El que escribe tuvo el extraño privilegio de recibir la noticia del inicio de la guerra (esta indigna guerra, esa enésima guerra de los americanos frente a un país del Tercer Mundo) mientras ayudaba a difundir un manifiesto universitario en contra del conflicto inminente. Y entonces el que escribe tuvo un momento de debilidad, un momento en el que se cuestionaba seriamente de qué valían tantas firmas, y tantos actos simbólicos, y tantas afirmaciones retóricas, frente a la contundencia de las armas. Pero quizás, a esos efectos, la tragedia que sufre el pueblo vasco desde hace décadas pueda servirnos de lección. Si hay algo que ha cambiado frente a la violencia de ETA no ha sido la mayor eficacia policial, ni las dudosas medidas adoptadas en contra de un entorno terrorista que cada vez se hace más amplio, más peligrosamente amplio. Algo ha cambiado entre nosotros desde hace algunos años, y eso es precisamente la capacidad de formular un gesto, de articular demostraciones cívicas, de mostrar la rebeldía ciudadana en contra de la violencia.

En cierto modo, el pueblo vasco se va redimiendo de la violencia de ETA gracias a esa constante, paciente y en modo alguno inútil, constatación de su falta de resignación. Los asesinatos en los años setenta y ochenta se multiplicaban con estremecedora frecuencia, sin que nadie por ello se detuviera en la calle, ni tomara la molestia de concentrarse, ni hiciera un alto en su trabajo.
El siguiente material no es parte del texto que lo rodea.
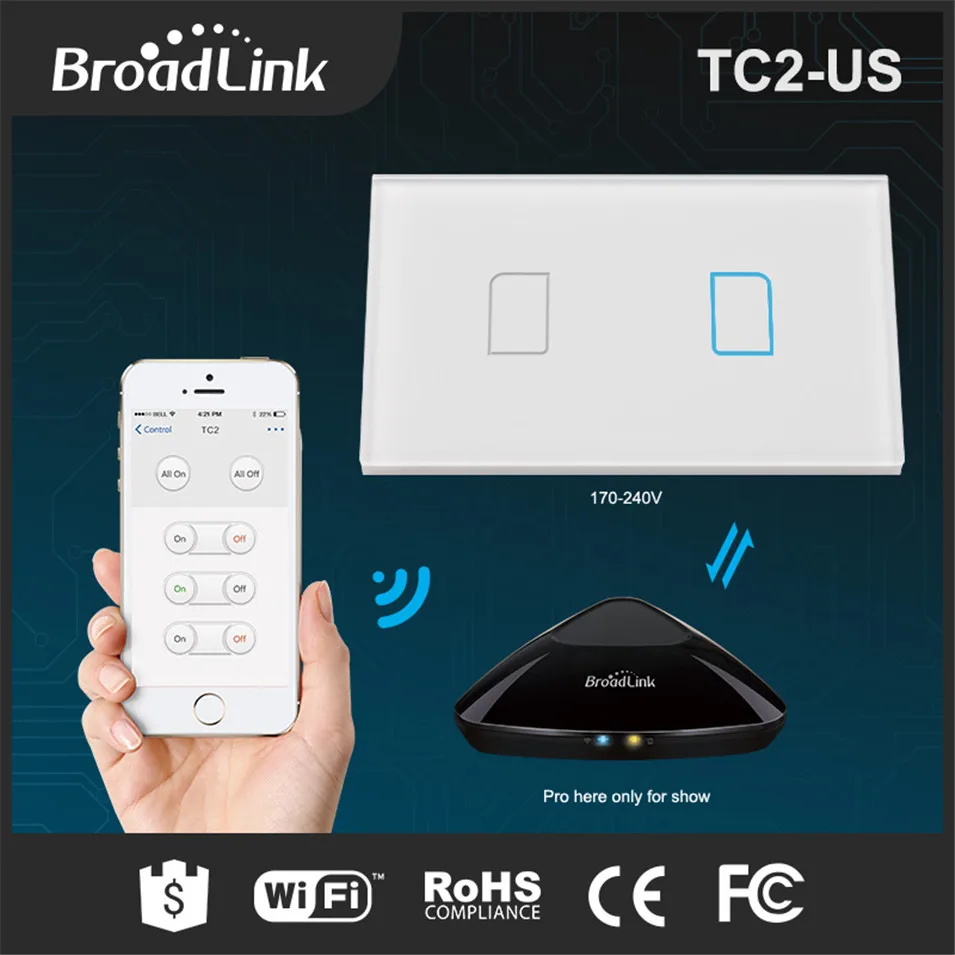 Broadlink TC2 US/AU умный дом RF433 сенсорный выключатель света 2 банды 1 способ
Y ahora, sólo ahora, la certidumbre de que eso es necesario podrá algún día llegar a explicar, a certificar históricamente, que el pueblo vasco no estuvo de acuerdo con tantos crímenes horrendos como se cometieron en su nombre.

Pero de la guerra de Irak que acaba de iniciarse podremos algún día decir lo mismo. Aznar se ha revelado como uno de los siervos más sumisos de Bush en el viejo continente; ha condicionado para muchas décadas las relaciones de España con los países árabes; ha dinamitado cualquier posibilidad de que Europa cuente con una política exterior común; ha arriesgado, incluso, la seguridad interna de su propio país, posible blanco ahora de cualquier fanatizado grupúsculo islamista. Pero la abrumadora contestación que ha recibido es precisamente lo que salva, lo único que salva, la conciencia ética de sus gobernados.

Frente a la gente escéptica ante lo simbólico, ante lo testimonial, aquellos que sí tienen el coraje de realizar al menos un mínimo esfuerzo y ofrecer su testimonio están salvando la dimensión ética de toda una sociedad. Y esa certidumbre es la que puede y debe seguir movilizando a la gente, incluso en un momento en que la curiosidad informativa ante los avances o retrocesos de la guerra puede adormecer la protesta y convertirnos en meros espectadores.

Mientras el que escribe escuchaba al fin la noticia de los primeros bombardeos, la página web (www.universidadcontralaguerra.net) que reclamaba desesperadamente nuevas adhesiones universitarias para el enésimo manifiesto en contra de la guerra no dejaba de seguir goteando nombres, nuevos testimonios de personas muy concretas que, a pesar de todo, opinaban que aquel gesto merecía la pena. Era como una demostración de fe, era un perseverante aluvión de nuevas identidades que seguían engrosando aquella lista, otra lista, una lista más. Impedida de cualquier eficacia, la lista exudaba ternura y la asombrosa constancia con que seguía aumentando resultaba casi inexplicable. Nada que no fuera la perseverancia podría dar sentido a aquel imparable movimiento.

Quizás algún día, cuando se cuente la historia de un país insignificante que dio cobertura diplomática a una guerra tan cruel, la constatación de tanta resistencia popular, guiada a través de los medios más variados, servirá para testimoniar también la existencia entre nosotros de un poso de cierta dignidad, una dignidad que ni siquiera llegaron a vislumbrar los gobernantes que nos metieron en esto.